O enredo gira em torno das indecisões de Félix, que, encantado por Lívia, uma bela viúva, acaba propondo-lhe casamento, mas destrata e desmoraliza a moça com seus recuos motivados pela desconfiança e pelo ciúme. Machado de Assis ainda estava longe da penetração psicológica que viria a caracterizar sua obra madura, mas aquela “alma sem ação” (palavras de Lívia) que é Félix não deixa de parecer um esboço bastante primitivo do narrador de Dom Casmurro. Lívia é que não tem nada de Capitu: seu comportamento exemplar só poderia gerar dúvidas num espírito inseguro e vacilante como o do noivo. Afinal a “ressurreição” da capacidade de amar em Félix não se completa, e os dois terminam solitários.
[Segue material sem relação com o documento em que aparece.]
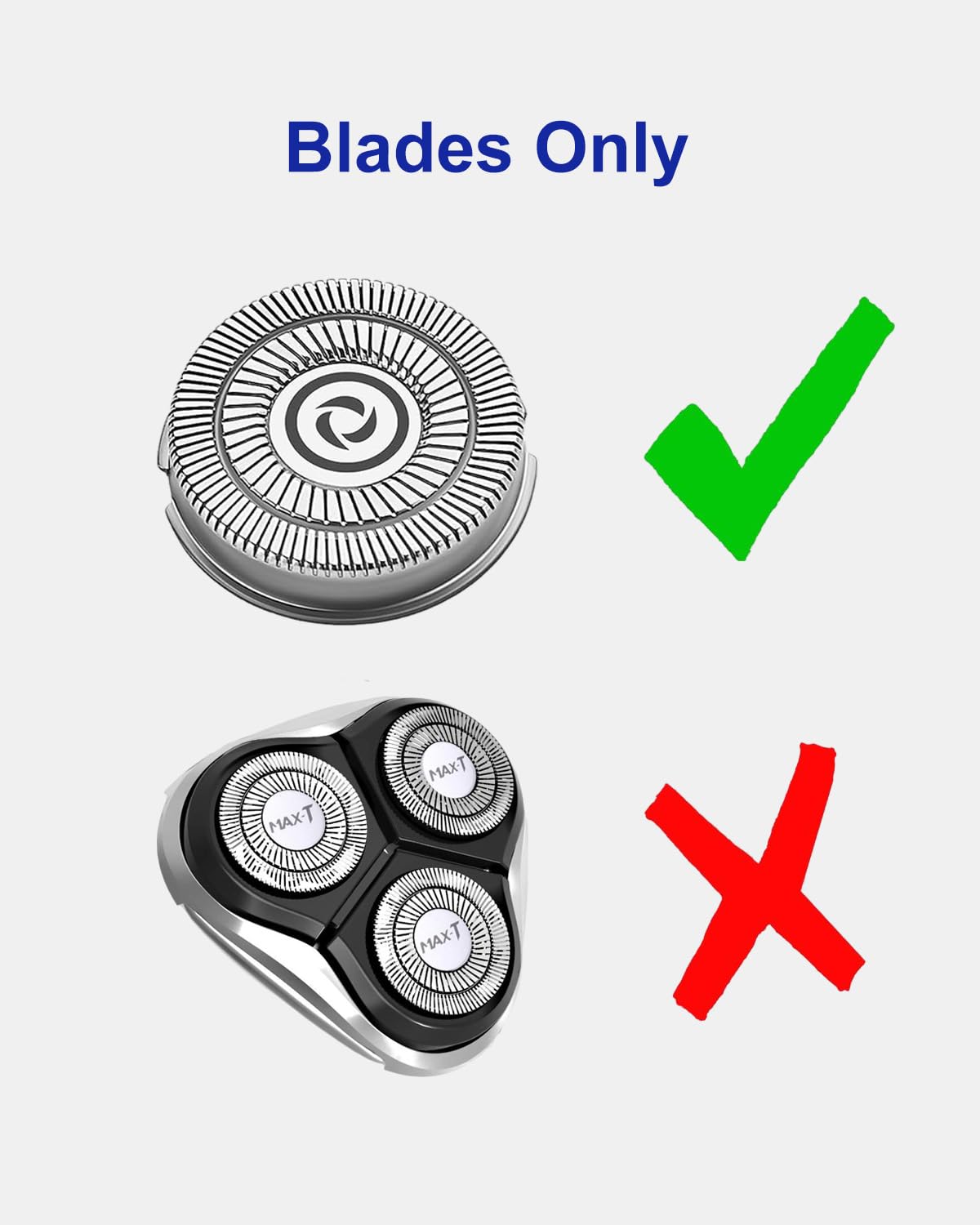 Electric Shaver Replacement Blades Compatible with MAX-T Men Electric Razor RMS7109 RMS8101, 6 Replacement Blades(Blades Only), 2 Cleaning Brush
Vacilante também ainda é, no romance, o estilo machadiano, que até contém imperfeições gramaticais impensáveis dez anos depois, fora a insegurança na composição dos diálogos e a própria desnecessidade dramática de alguns lances da narrativa. Machado, enfim, ainda não tinha aprendido a transpor para a ficção a vivacidade do diálogo teatral, de modo que suas personagens discursam longamente e com pouca naturalidade.

O primeiro romance, enfim, tem poucos elementos que permitiriam adivinhar o enorme escritor em formação. Ler Ressurreição, hoje, não passa de um exercício de curiosidade ou pesquisa. Um conto como “A causa secreta” vale muito mais, se a ideia é tirar da literatura o melhor que ela pode oferecer.